I could have chatted with her for another 2 hours and we probably wouldn’t have been even close to finished catching up. So, Franz and friend #2 weren’t the problem.
Friends #3 and #4 however are a different deal. I start with #4 since he is kind of a douche. Maybe this will come to bite me in the ass sometime if he ever finds out about this blog but I don’t think so and even if it were the case, I stand by my opinion. He lied to me and my friends in school about a lot of things and as I was young and naive I believed a lot of the stuff until I started uni. He thinks he knows a lot but TBH, he doesn’t. By now I can only spent little time with him or else I would be getting unkind in my choice of words towards him. I just don’t fancy being lied to on purpose. Friend #2 and me have had many conversations on that subject and we have a theory why he behaves that way. It still does’t excuse all those things.
And then there is #3. We were pretty close in grades 12 and 13. We survived physics and math classes together. To me, he was just a nice guy-friend like others until he told me he loved me in grade 13 and I felt awkward with him ever since. I wasn’t interested in him and never will be. We haven’t seen each other in 5 years but today, meeting him again, I still felt weird and I don’t even know why. Of course he had to be the first one to arrive at the cinema as I was early as always. We did some catching up which was easy since we’re both studying to become engineers. He even has a prof I previously had at my university. The world is a village. Other than that we hadn’t had much to talk about and I was happy when the others got there so they could chat and I only needed to fake interest. Well, that sounds unfair. My purpose of meeting them again was mostly out of curiosity but that passed quickly.

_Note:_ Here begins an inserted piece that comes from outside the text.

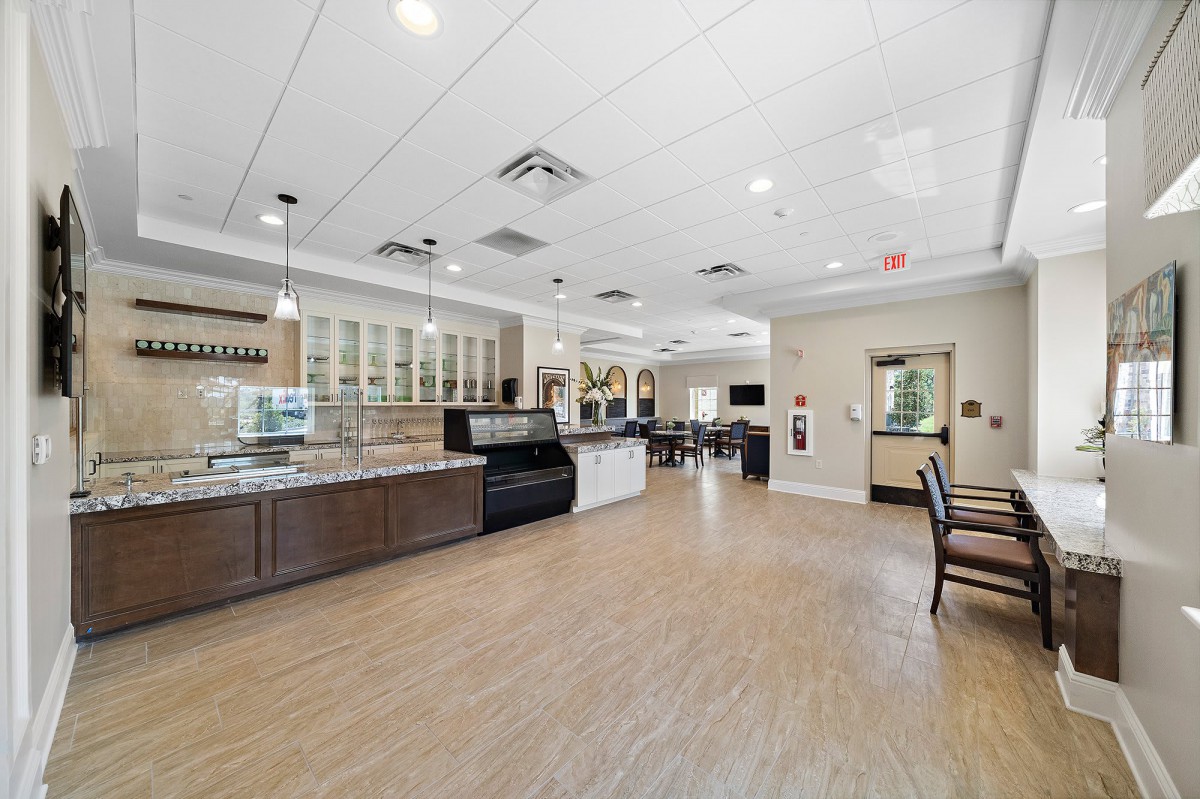Modern cafe interior with seating area and counter.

Why do I feel so weird when I’m with him? Is this normal? I’m gay for crying out loud, he was and never will be my type. When we said goodbye there was this moment where we were trying to figure out if we should hug or shake hands and it was strange so we did neither and just nodded. Ugh. I feel like I’m making this into more than it is and I probably am but why? Because he was the only one to ever show any romantic interest in me? I’m confused! And I don’t like being confused. Was I weird because I was expecting it to be weird? Am I making it weird? Or is it both of us? And why does it matter as I’ll probably not see him for another 5 years.